Omit the pictures. Transcribe exactly the lines below, from the one with "Citrine Cluster on" up to and including the last.

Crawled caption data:
=== Section Start ===

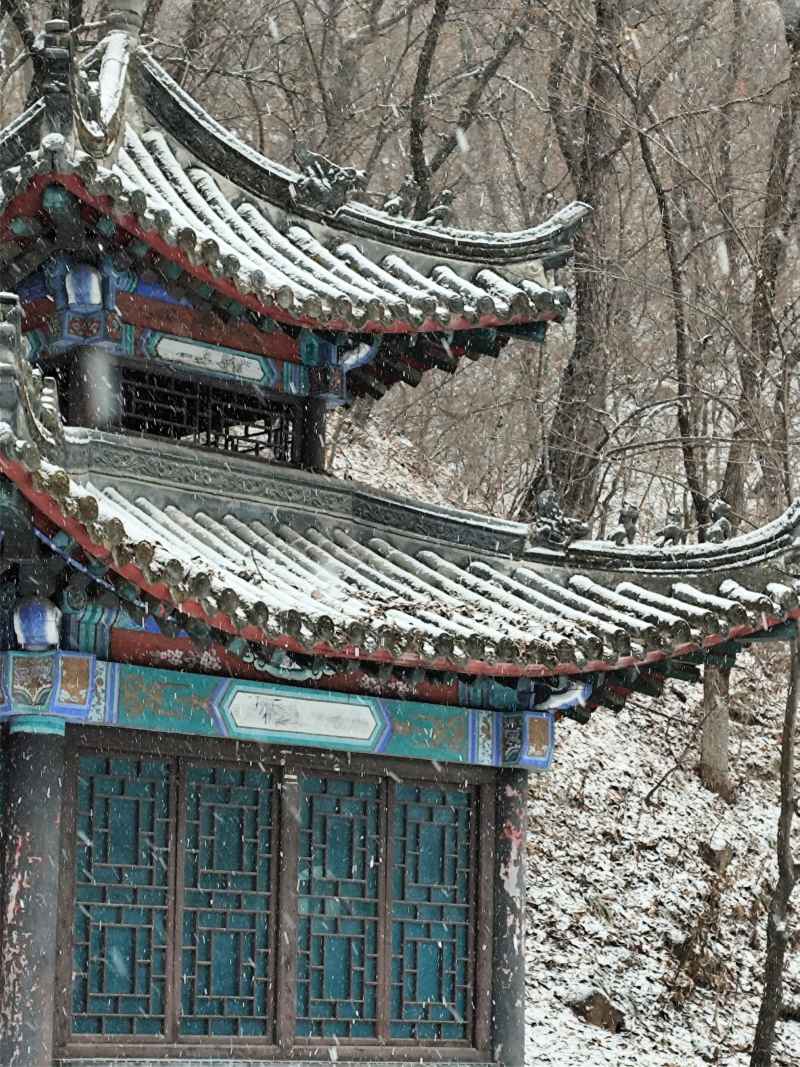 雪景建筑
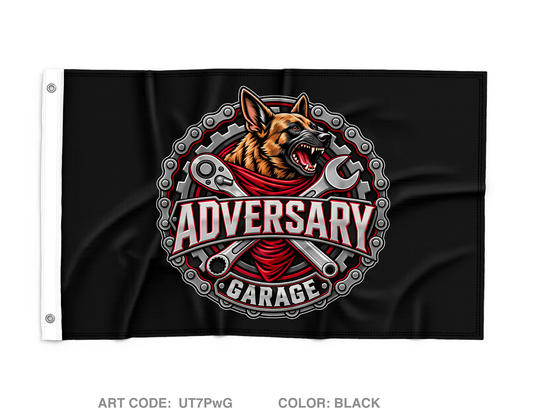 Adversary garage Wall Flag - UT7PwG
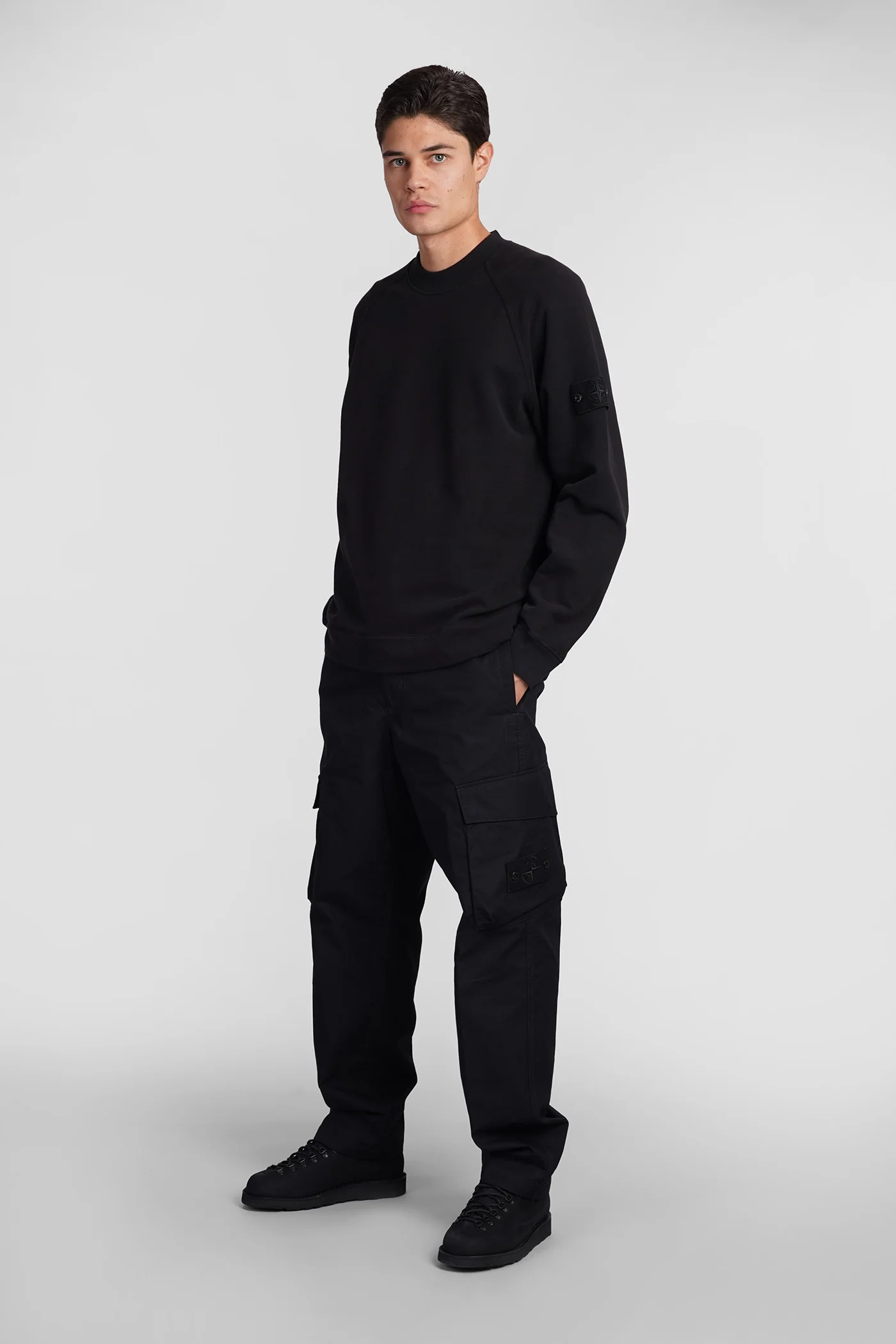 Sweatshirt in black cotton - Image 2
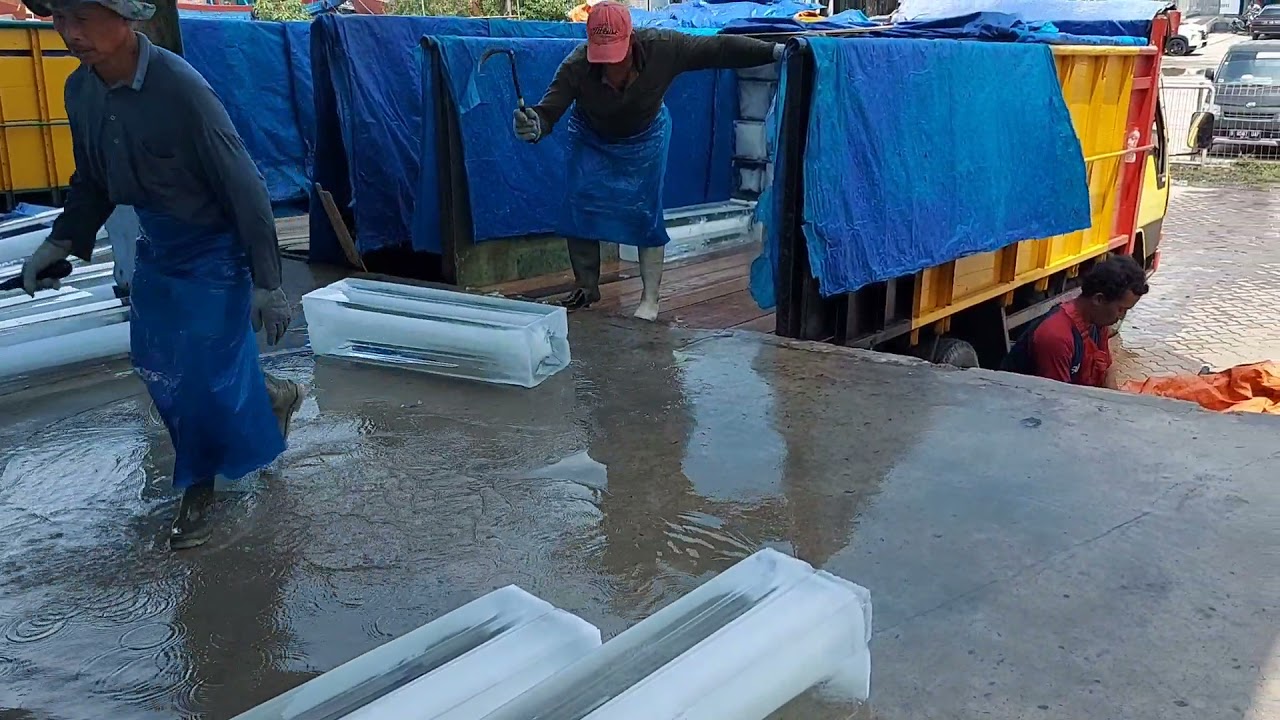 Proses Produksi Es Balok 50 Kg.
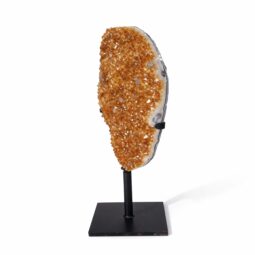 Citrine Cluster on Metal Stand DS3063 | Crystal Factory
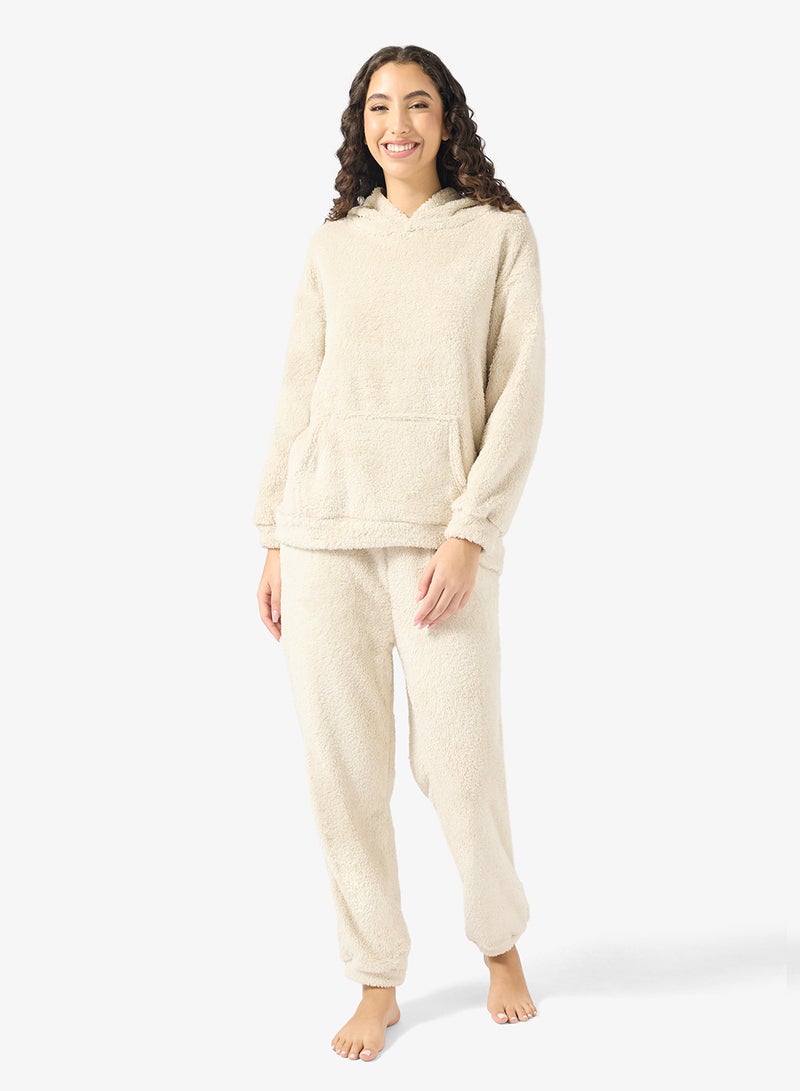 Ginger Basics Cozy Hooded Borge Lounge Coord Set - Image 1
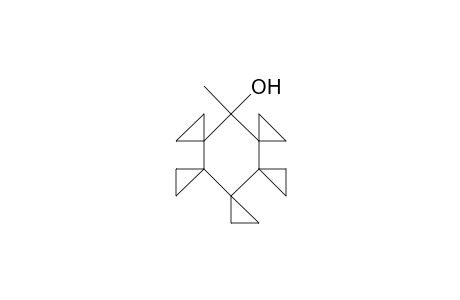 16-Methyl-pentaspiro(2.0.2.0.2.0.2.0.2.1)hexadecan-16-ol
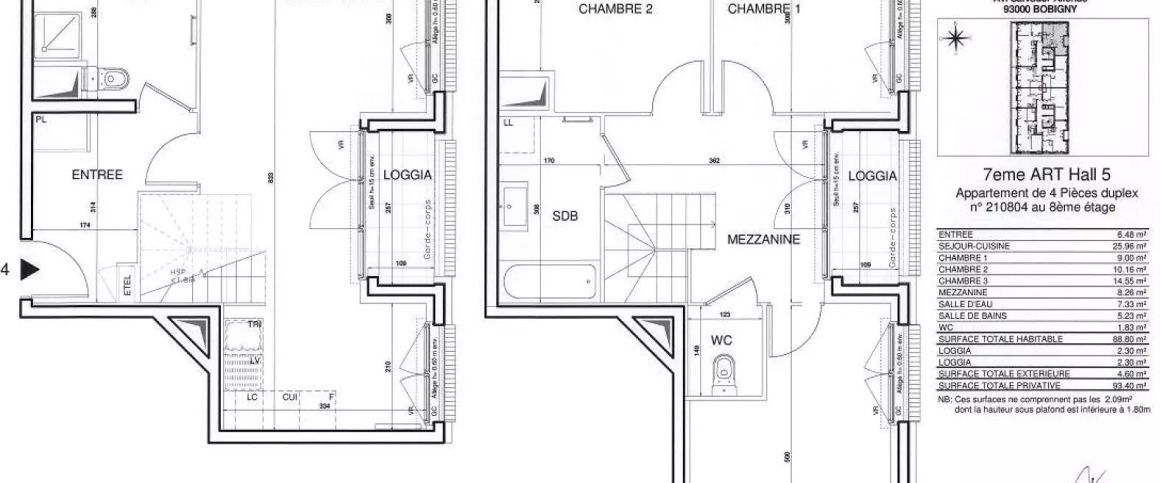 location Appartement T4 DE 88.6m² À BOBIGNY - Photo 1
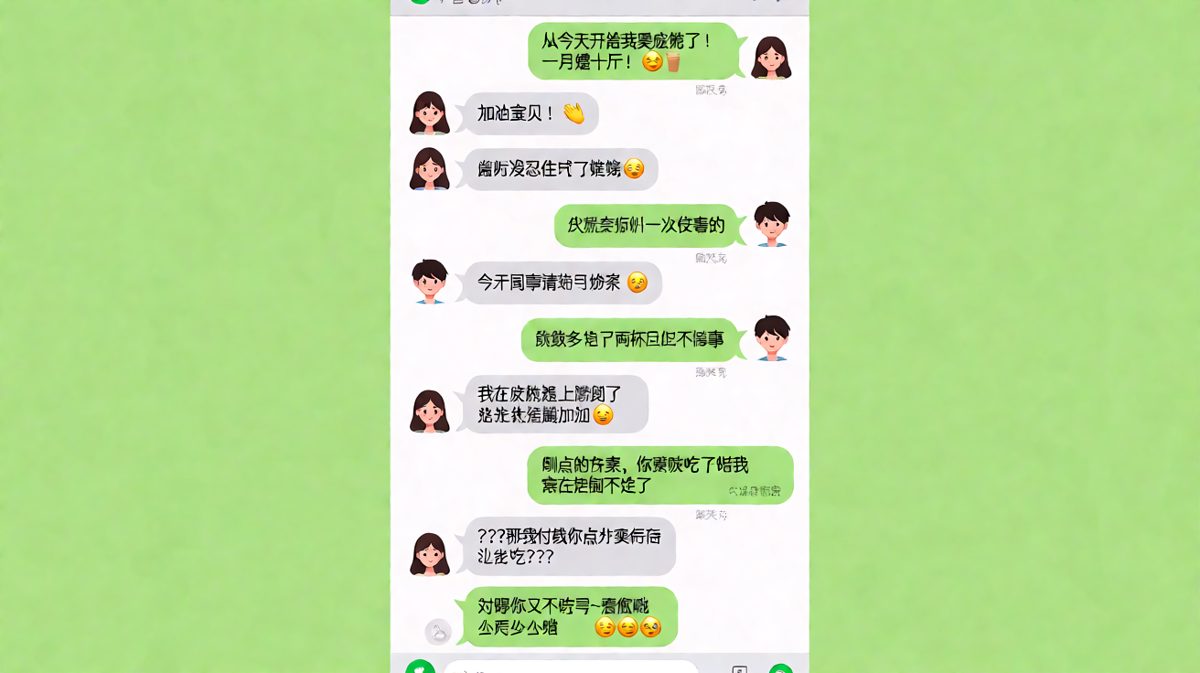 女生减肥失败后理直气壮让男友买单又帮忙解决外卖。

=== Section End ===

EXERCISE ANSWER:
 Citrine Cluster on Metal Stand DS3063 | Crystal Factory
 Ginger Basics Cozy Hooded Borge Lounge Coord Set - Image 1
 16-Methyl-pentaspiro(2.0.2.0.2.0.2.0.2.1)hexadecan-16-ol
 location Appartement T4 DE 88.6m² À BOBIGNY - Photo 1
 女生减肥失败后理直气壮让男友买单又帮忙解决外卖。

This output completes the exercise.